I just finished the first draft of my 10th book since starting this author journey in 2019. I didn’t realize I was reaching this milestone yet. And it sounds odd to say it out loud. But it’s true.
When I’ve shared the news that I finished another book, it’s a mix of reactions:
Wow! Good for you!
How did/do you do that?
Again?
People usually don’t say the ‘again’ one out loud. Probably because I say it for them.
A friend once called it false modesty, as though I were secretly and terribly proud of myself.
I am neither. I really wish I was.
Imposter / Hermit / Wannabe / Traveler
This is a vulnerable post, and maybe it’s just for me. Maybe it’s for someone sitting on their phone or at their computer, wondering if they will ever feel good about the good thing they did.
You know, the one that took sacrifices, time away from loved ones, time away from the world, time away from nature and spontaneity, and the months that used to drag on forever and now are leaned squarely against another new year, too quickly.
I write because I love to write, because I love to learn about magick and godds and myself. Last year, I wrote 50K+ words for NaNoWriMo, but no one has ever seen them.
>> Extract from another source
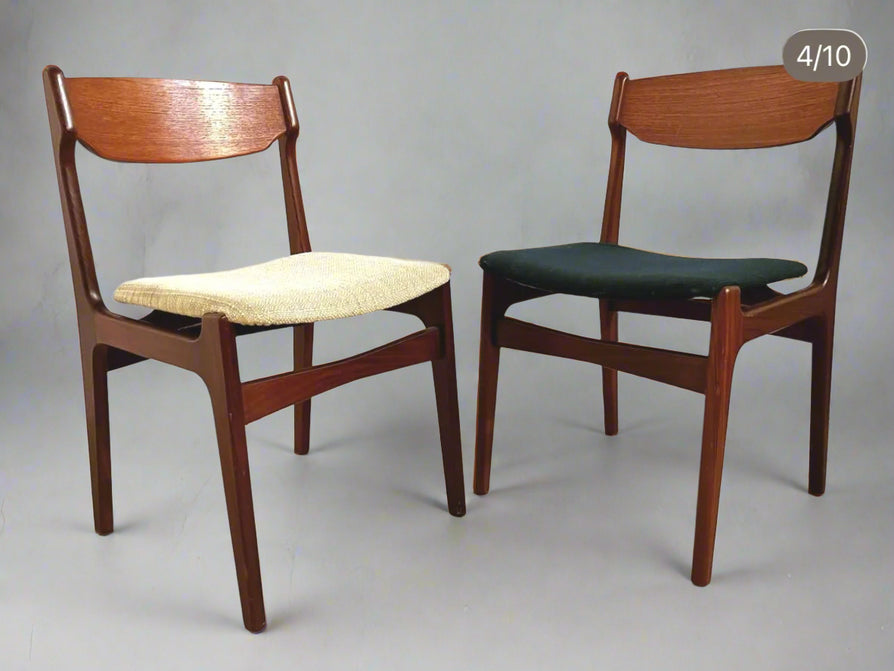 Set of Eight Findahls Dining Chairs in Teak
I wrote them because I was collapsing into myself, and I needed to create enough space between the heavy and the hope so I could take the breaths I needed to think clearly. Again.
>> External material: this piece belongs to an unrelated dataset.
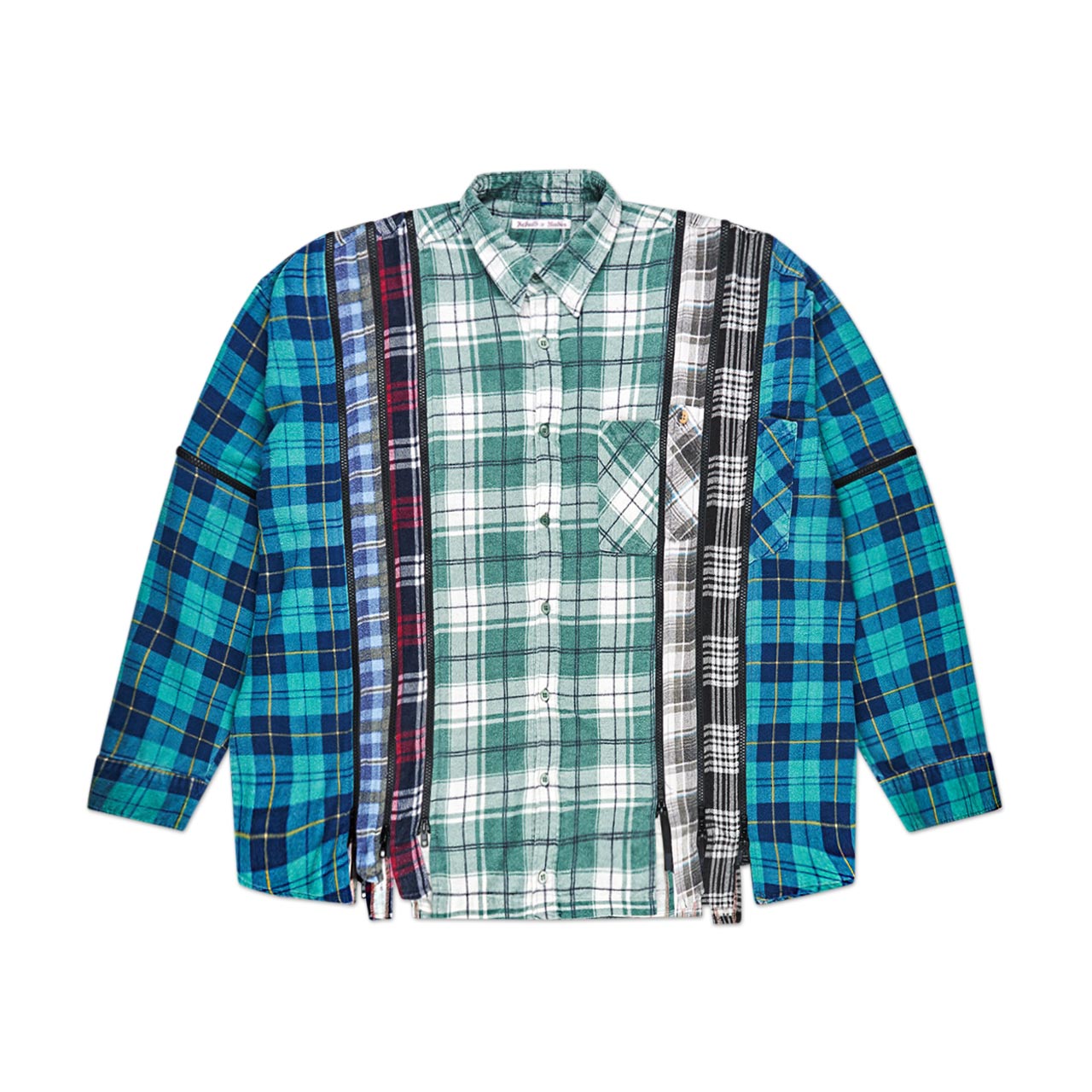 rebuild by needles 7 cuts zipped flannel shirt KP267-A - a.plus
I don’t stop writing, even when I am not writing something actively or for a contract or a deadline I missed (again). I write social media posts, poetry in random TXT files, long conversations with myself in my Notes app, THIS SUBSTACK, and careful messages and texts. I write because my throat would be too sore if I said everything in my mind, because I don’t have enough air in my lungs to complete the thoughts that flow through me again and again and again. Some new. Some not. Some insistent.
I don’t write because I want someone to tell me it’s good. I write because I want to hear myself finally say, “Yes, that’s it. You said it. You said the thing. That’s right. You captured the way that really feels. You can rest now. It’s been said.”
I’ve gotten close, edged my own satisfaction until I felt my heart beat so fast I couldn’t sit down or think straight enough to type more. I’ve gotten close enough that I have cried and had to close my eyes until the room (and my heart) stopped spinning.
But I haven’t reached the place of ‘there.’ I’m not sure where that place lives, but I do know it doesn’t live in the words of others or the shares or the likes or the hearts. I know it doesn’t linger in the way I am seen by someone else; and I know this because I have dug into the pockets of others to make sure my confidence and my worth weren’t at the bottom where the lint lives, somehow.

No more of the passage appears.